»»

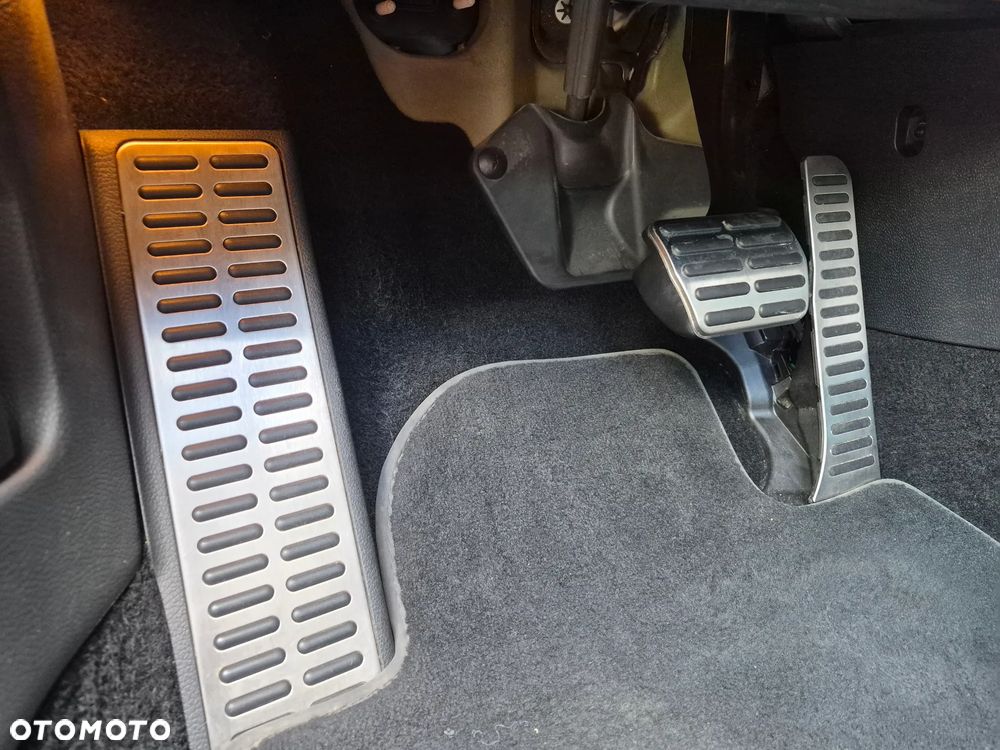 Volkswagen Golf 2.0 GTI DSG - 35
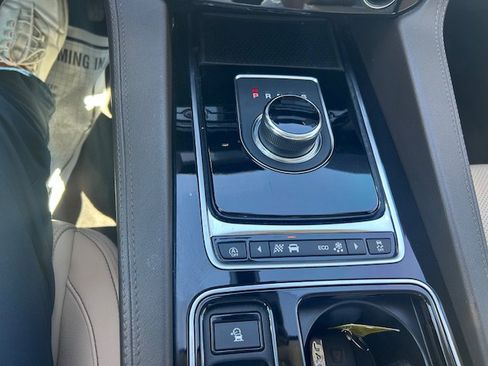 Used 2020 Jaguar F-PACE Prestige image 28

««
»»

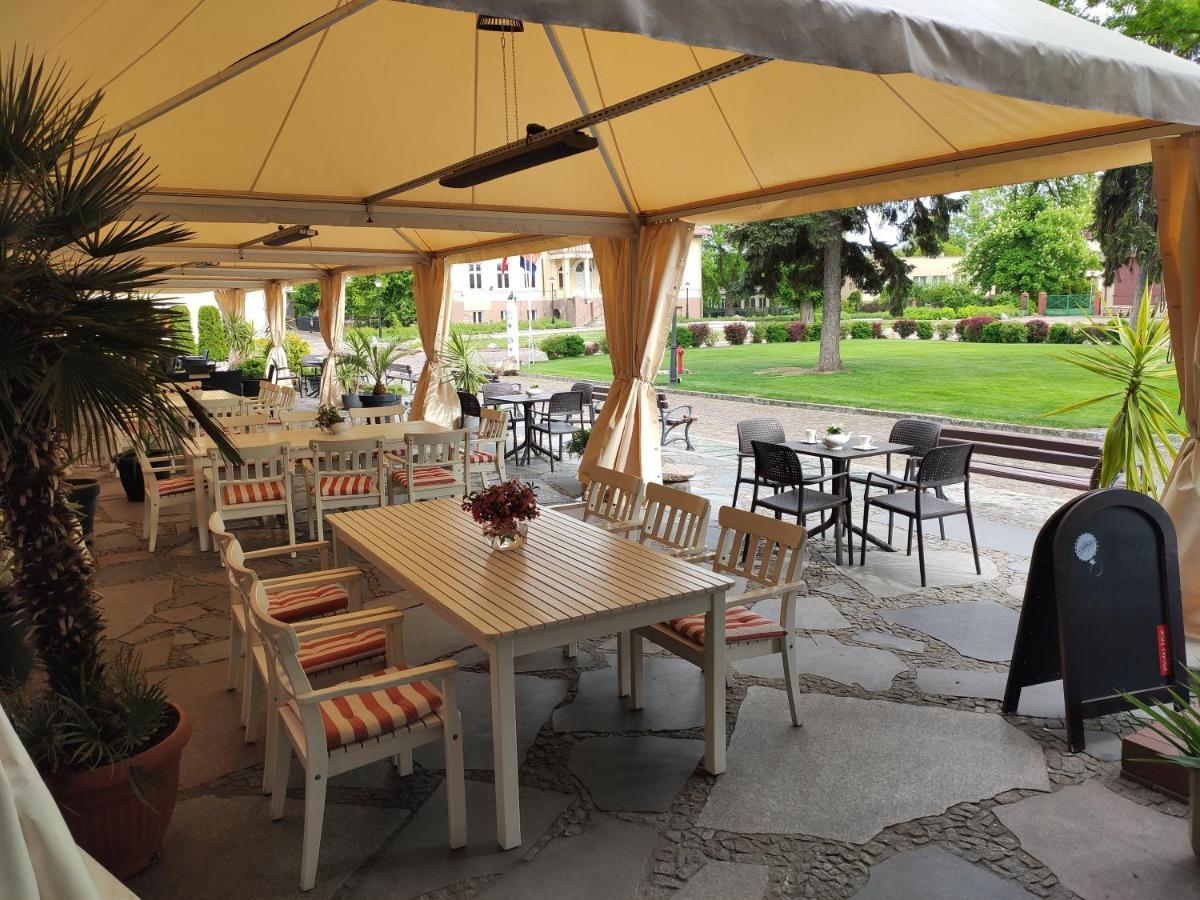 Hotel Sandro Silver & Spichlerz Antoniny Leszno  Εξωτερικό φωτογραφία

««
»»

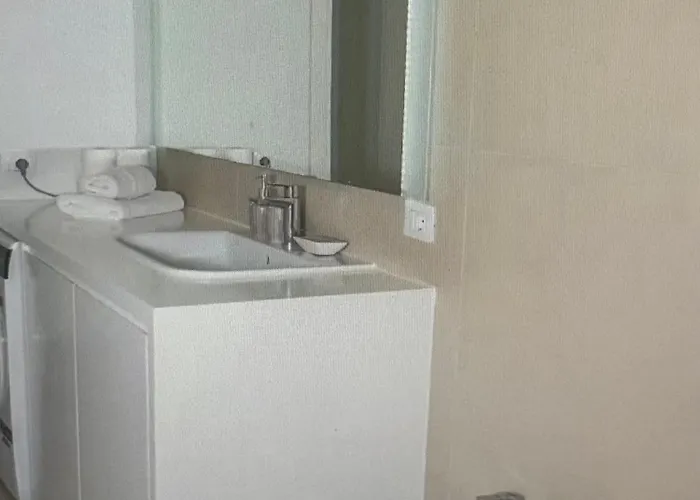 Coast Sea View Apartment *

««

▶ _What to work on_: In the entries above, every line from the line with "Volkswagen Golf 2.0 GTI DSG - 35" to the line with "Used 2020 Jaguar F-PACE Prestige image 28" is to be printed exactly, with both ends included and pictures excluded.

▶ _Answer to this task_:
 Volkswagen Golf 2.0 GTI DSG - 35
 Used 2020 Jaguar F-PACE Prestige image 28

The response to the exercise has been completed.